In English: It is something like word Netizen = Net+citizen; the citizen who uses net, user of internet.[1] Another example.. Presummer = Pre+Summer; Before Summer. [2]
So how will current data model include this? Regards Nizil Shah (talk) 18:44, 9 April 2017 (UTC)
- I expect this would be modeled using Statements, via a Property like "composed of", or the more general "derived from". So, for instance "classroom" would have two statements like this:
- composed of: "class" (English noun, L786347)
- compound ordinal: 1
- composed of: "room" (English noun, L255348)
- compound ordinal: 2 Duesentrieb ⇌ 20:58, 11 May 2017 (UTC)
- composed of: "class" (English noun, L786347)

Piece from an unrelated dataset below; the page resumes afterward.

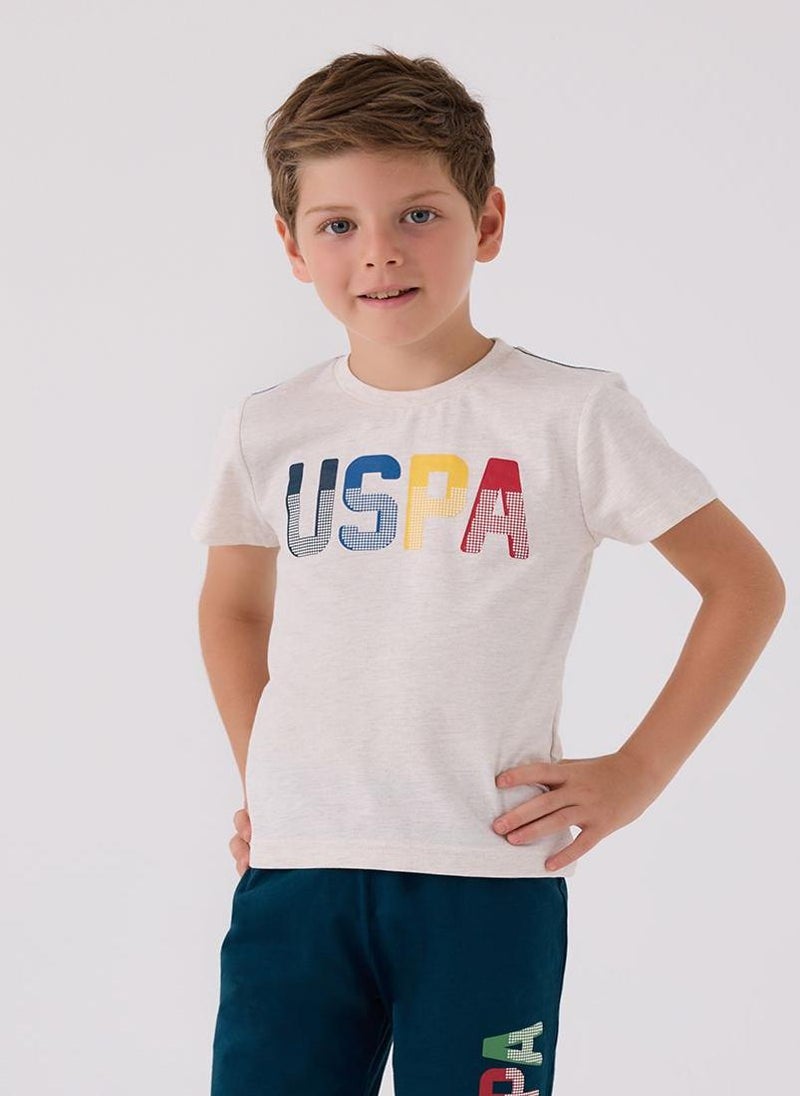 U.S. Polo Assn. U.S. Polo Assn. Boys Beige Bermuda Set - Image 2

- Wow. Thank you for clarifying. It would certainly work. Nizil Shah (talk) 04:47, 12 May 2017 (UTC)
Etymologies
[edit]In the current text, the "English noun bank" is used as an example. The text reads: "(e.g. "financial institution" and "edge of a body of water" for the English noun bank)". But if you look in en.wiktionary for "bank", the entry is structured as 4 different etymologies, many of which take both the form of a noun and a verb. The first etymology derives from Italian banca, meaning bench, and refers to a financial institution, where there is a noun (a bank) and a verb (to put money in the bank), the second etymology refers to physical geography such as a beach, where there is again a noun and a verb. But here, in the WikibaseLexeme data model, nothing is mentioned about etymologies, only the triplet language, lemma, and part of speech. Why? Is this something that was forgotten by mistake, or is it a deliberate design? In other languages than English, the same lemma and part of speech might have different inflections for different etymologies. In Swedish, the plural is banker (financial institutions) and bankar (beaches), respectively. LA2 (talk) 23:21, 9 May 2017 (UTC)
- Hi,
- Furthermore, in french (but this fact exists in all languages) there are a lot of words for which the etymology is not sure. For example, the word Macabre has got 3 hypothesis about its etymology, the word Galimatias 2, etc.. It is important to take this in account in the model I think. And moreover, the hypothesis have not the same level of credibility. Thus, I think that it is interesting to provide a mechanism allowing to sort the hypothesis, IMHO. Jpgibert (talk) 07:17, 10 May 2017 (UTC)
- Etymology is not mentioned in the model, because we expect it to be represented using Wikidata-Style "Statements". Statements give you exactly the power and flexibility you are asking for: you can have multiple competing statements with different sources, you can attach them to Lexemes or to individual Forms or Senses, you can mark them as preferred or deprecated, or qualify them using any property you like, use them to refer to Wikidata Items, etc.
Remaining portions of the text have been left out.